You should be able to ascertain an applicant’s academic qualifications quite easily from their initial application, but you could use this opportunity to ask the following questions that delve deeper into their qualifications for the role:

  • How did your education help prepare you for this job?
  • Why are you the most qualified candidate?
  • What educational experiences do you think most qualify you for this job?

Relaying questions directly back to your company and the role will show if the interviewee has taken the time to research your product, service, company, and industry. It will give you an indication of their level of interest. A few questions to ask:

  • What do you know about us?
  • What appealed to you about this role?
  • What can you contribute to this company?

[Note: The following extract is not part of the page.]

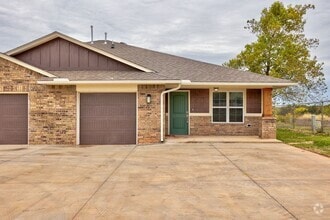 Building Photo - 708 League Cir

You should end the question and answer part of the interview by turning the tables and giving the interviewee a chance to ask you any questions. Think about what they asked — have they just enquired about holiday entitlement and work benefits, or have they used the time to delve into the job role and highlight their qualities, skills, and experience?

Look for Nonverbal Cues

Effective nonverbal communication, or body language, can be another factor in your decision making. We’re all naturally able to pick up on nonverbal cues like posture, eye contact, arm gestures, and handshakes. Although, bear in mind that while a lack of eye contact is often highlighted as a sign of dishonesty, it could just be a sign of nerves.

These nonverbal cues can help you make a judgment as to whether the candidate is just saying what they think you want to hear, or if they are offering a genuine view of their personality. They could be saying one thing but communicating the opposite through their body language.

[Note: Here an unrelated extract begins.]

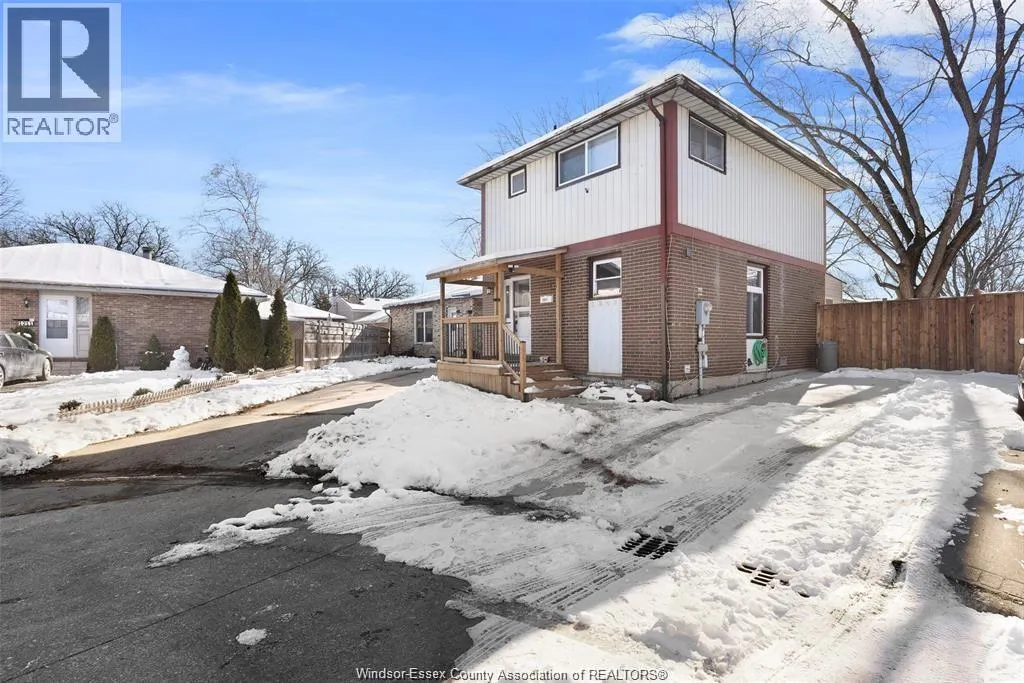 1203 COTTAGE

Avoid These 5 Rookie Interviewer Mistakes
  1. Listen – One of the most common interview mistakes, for both parties, is talking too much. A job interview should be a dialogue, not a monologue.
  2. Take your time – Allocate enough time for your interview and remember, it’s ok for you to ask for more information and dig deeper into their answers.
  3. Keep it professional – You want to make interviewees feel comfortable but avoid overly personal questions about the interviewees family, race etc.
  4. Ask open-ended questions – One word answers will not help you to make your decision. Stick to open ended questions that will help keep a dialogue going.
  5. Take notes – It can be easy to forget what’s been said, and when you are interviewing multiple people, you can confuse who said what.

Final Thoughts

The importance of putting together a well-rounded team with unique skills that can help to push a new company forward has been well established. Bringing a new person into any team is a big responsibility, but with startups, it could be argued that it is even more important as an individual can have a greater impact on a small team.

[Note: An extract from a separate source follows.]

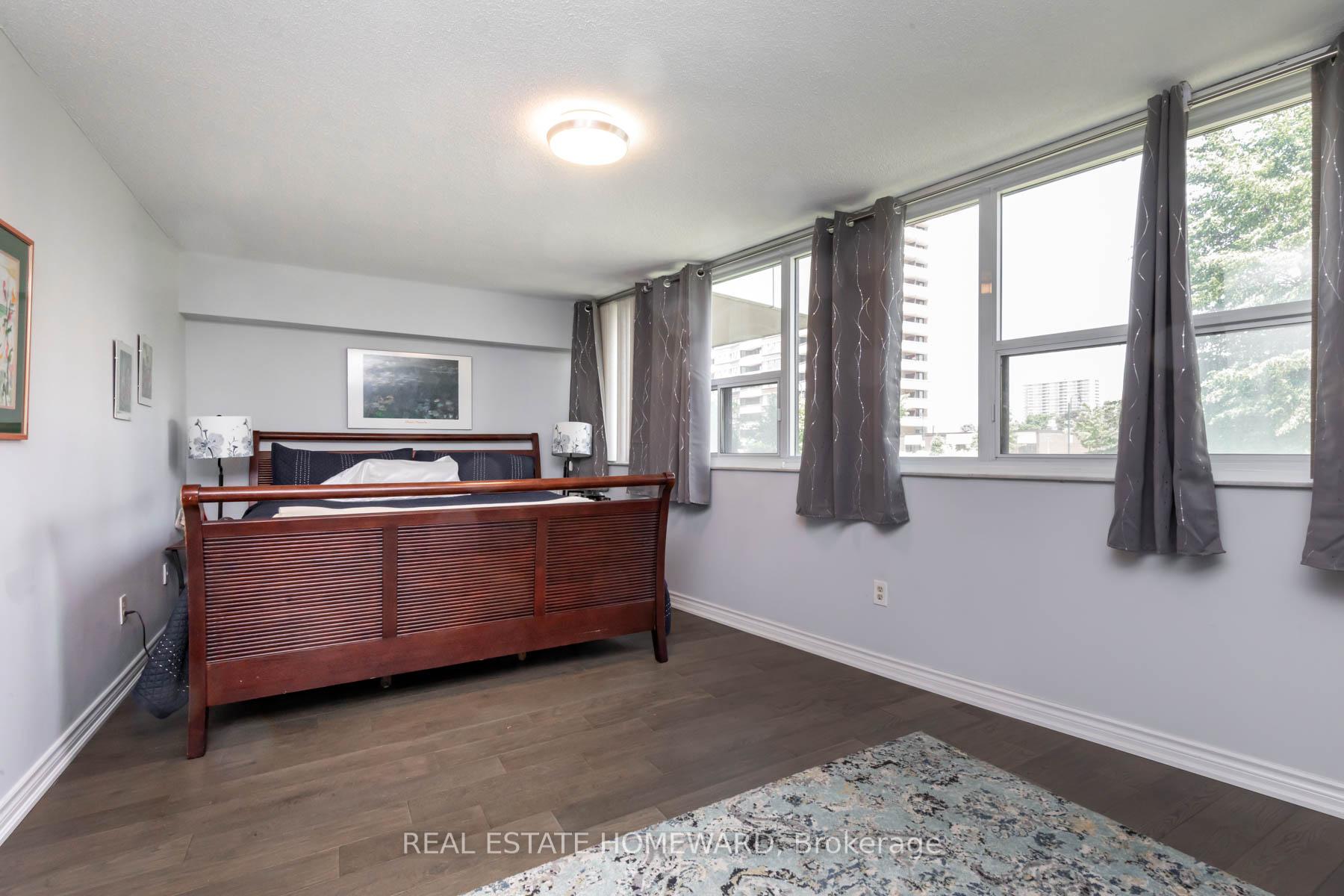 3 Bedrooms Condo at 45 Huntingdale, Toronto For sale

Interviews are the most important stage of the recruitment process so, naturally, they can be a nerve-wracking experience for both parties. As with most things, preparation is key. Take the time to really think about who would fit in with your company culture and be adept at bringing their unique skills to the role. Also, planning your questions can really help you to stay on topic and cover all the subjects you need to.

Don’t feel rushed into making a decision or hiring the first person you interview. As the old saying goes, practice makes perfect. You may find that the more people you interview, the more skilled you become, and the more you can get out of the process.